Compatibility matrix (planned)
The user_centric and fixed_schedule constraints are partially enforced today: requires_multi_turn(USER_CENTRIC) and requires_sequential_sampling(FIXED_SCHEDULE) are checked against file datasets in check_phase_dataset_compatibility. The synthetic-vs-fixed_schedule rejection and the timing-data check (currently in TimingResolver._validate_fixed_schedule_timing) move into the same checker as part of this work.
Cross-cutting extensions
Per-phase model selection
Multi-model in one run is already supported via ModelsAdvanced.strategy (round_robin, random, weighted) — a single phase can route across the full items list. modality_aware remains roadmap-only. What is not supported is binding a specific model to a specific phase, which lets you compare two models within one job under matched arrival patterns:
phases[].model would be a name reference into models.items, narrowing the selection strategy to a single fixed pick for the duration of the phase. This stays compatible with the project’s no-aggregate-across-runs rule: each phase’s results are reported independently, and the report makes the model name part of the phase header.
Per-phase endpoint
Most users will not need this, but it falls out cleanly once datasets and models are per-phase: a phase that targets a different deployment (different URL, different endpoint.type) can be expressed without a separate job. Useful for side-by-side gateway-vs-direct comparisons or for benchmarking a fallback path. Likely gated behind explicit opt-in to discourage accidental misconfiguration.
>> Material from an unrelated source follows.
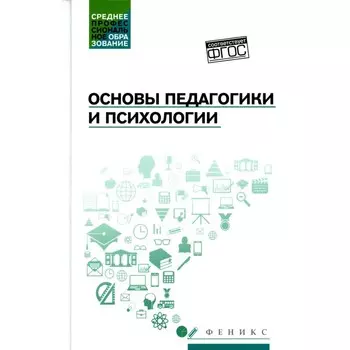 Основы педагогики и психологии. Учебник. Руденко А.М., Самыгин С.И., Колесина К.Ю.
Phase ordering, dependencies, and conditional execution
The current model assumes a strict linear ordering of phases[]. Several enhancements compose:
- Skip-on-condition. A phase can declare a precondition (e.g. only run if the previous phase met a goodput threshold). Useful for adaptive ramp tests that should bail out early instead of burning compute past saturation.
- Phase dependencies. Allow phases to be declared as a DAG rather than a list, so the loader can run independent phases in sequence but stop the whole job if a parent phase fails its convergence criteria.
- Cross-phase carry-over. Make explicit which warmup state (KV cache, prompt cache, scheduler state) is intended to persist into a profiling phase, so the dataset manager and credit issuer can plan for it instead of relying on side-effects.
These are deliberately listed as separate items: each is independently useful, and we should not bundle them into a single “phases v3” change.
Reusable phase / dataset fragments
Once configs grow to four or five phases, repetition becomes the readability problem. Two complementary mechanisms:
- YAML anchors and merge keys — works today, but is awkward and editor support is uneven.
- Native
templates:block under the envelope — define a named partial config; reference it from a phase or dataset entry withextends: <name>. Resolution happens before sweep expansion so sweep parameter paths still address concrete phases.
Out of scope
Items deliberately not on this roadmap:
- Cross-run aggregation. Reporting that sums or averages metrics across distinct AIPerfJob runs is forbidden by the project’s measurement contract; named phases inside one run do not change that.
- Live editing during a run. YAML configs are static for the duration of a job. Live re-tuning belongs to a different layer (the orchestrator API, not the config format).
- Free-form Python expressions. Jinja
{{ }}is intentionally restricted; arbitrary Python is not coming back.